The dust of arrival having settled, I'm able to look around more now. Coming back from SE Asia has been altogether a much gentler experience than coming back from Uganda, probably due to a number of factors including age (hopefully a bit more mature now) and degree of culture shock experienced (from a rural village in Uganda to a semi-urban setting in Lao). I've happily landed in a funky, convenient house in the Seward neighborhood, easy bike ride and walk away from all sorts of cool places. I've landed as well in a great job, where I get to interact with a diverse set of adults in a shabby, friendly school in NE Minneapolis. I'm reconnecting with old friends, and forging brave new friendships with people who very much reflect my values and interests. I came home at the right time for me.
Some things are harder to adjust to. I've found that many people in my circles have moved onto a slightly different stage of life, whether that means a committed relationship, having kids, or simply a more focused outlook or approach to life. In some ways, I probably have changed too. It's a big difference going from your early/mid twenties to your late twenties/early thirties, and I'd hope that that's also reflected in a more honed type of focus that better reflects my self-knowledge, outlook on life, and passions. Nevertheless, I'm finding it less than automatic to find a community here, and I can tell it'll take a lot of initiative and exploring if I want to surround myself with meaningful human connections. It'll definitely require a fair amount of risk-taking and reaching-out, the latter which isn't always a strength of mine, given my introverted tendencies.

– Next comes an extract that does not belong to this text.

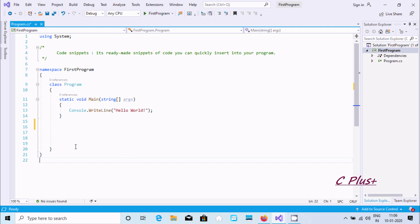Hi guys, in this video I am going to discuss what code snippets are in Visual Studio 2019. Code snippets are ready-made snippets of code that you can quickly insert into your program.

Something else hard to adjust to has been the dichotomy between 'work' and 'life' here. Even adages such as "finding a work-life balance" freak me out because it points out the bizarre need to search for such a thing in the first place...it really reflects US society that so many of us are searching for a balance that should never be a concern in the first place. I never want to find myself in a position where my job assumes such importance that it co-opts my life and I have to actively fight against it to gain free time. Work is just another thing I do in my life, not more or less important than other activities I involve myself in, and I don't think it should assume priority over anything else, or that it has to be its own special category to resist. If work becomes so integral to who I am, then it has the potential of eating up all of my energy, so that I'm not able to reflect any light day to day, outside of it. I want my energy and love to always be reflected as I move through life, not just for certain categories. Along the same vein, I don't want to have to 'go on retreat' or holiday as a way to escape from the stresses of life in America. I want to live my values in all of my moments, on work days, on weekends, and not have to experience joy and harmony in small, explosions of retreat. I want to always have it with me. After all, I'm not what I do, I'm the specific energy that I bring to the world, and the way I move through the universe. I'm not a 40 hour work week or a task list or unread emails.
I think stripping cultural paradigms bare, like work ethic, relationships, etc, really helps me to see them for what they are, and realize that deviating from them is just to allow yourself to be a bizarre, imperfect, and loving human creature. It allows for yourself!